# Trouble with iTouch



## Jane917 (Dec 29, 2009)

I just downloaded a new audiobook to my iTouch. In addition, I updated my iTunes as recommended. Now my iTouch seems to be in permanent freeze. I cannot even turn it off. All that shows is the black background with the the apple and  bar beneath the apple. Help! I go back to work tomorrow, and can't imagine my commute without my audiobook! Have I mentioned how much I hate iTunes?


----------



## kindlegrl81 (Jan 19, 2010)

Have you tried pressing and holding the home and the power button at the same time. This should reset you iPod and hopefully get it up and running again.  If this doesn't work you can try to do a factory reset through iTunes.


----------



## Jane917 (Dec 29, 2009)

Good news..... I was able to hold home and power button....then get to a state that I could do a restore with iTunes. Panic has subsided....


----------



## Sharon Red (Jul 23, 2011)

Jane917 said:


> Good news..... I was able to hold home and power button....then get to a state that I could do a restore with iTunes. Panic has subsided....
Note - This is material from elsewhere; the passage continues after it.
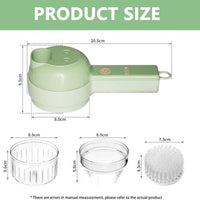 4 In 1 Electric Food Cutter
Ah panic is bad! haha Good to hear everything is okay.


----------



## Nauman (Jul 6, 2010)

Good to hear that its ok now..however it happens sometime to me also


----------



## Sharon Red (Jul 23, 2011)

I actually just had this happen, ugh.


----------



## kindlegrl81 (Jan 19, 2010)

I have noticed that my apple devices have a tendency to misbehave if they are connected to iTunes during an update.  If I have to update iTunes I make sure my devices are ejected before the update has finished loading and if my iPhone or iPad needs updating then I press "download only" instead of "download and install."  After everything has downloaded and I have restarted my computer I then plug in the device and I have had no problems since.


----------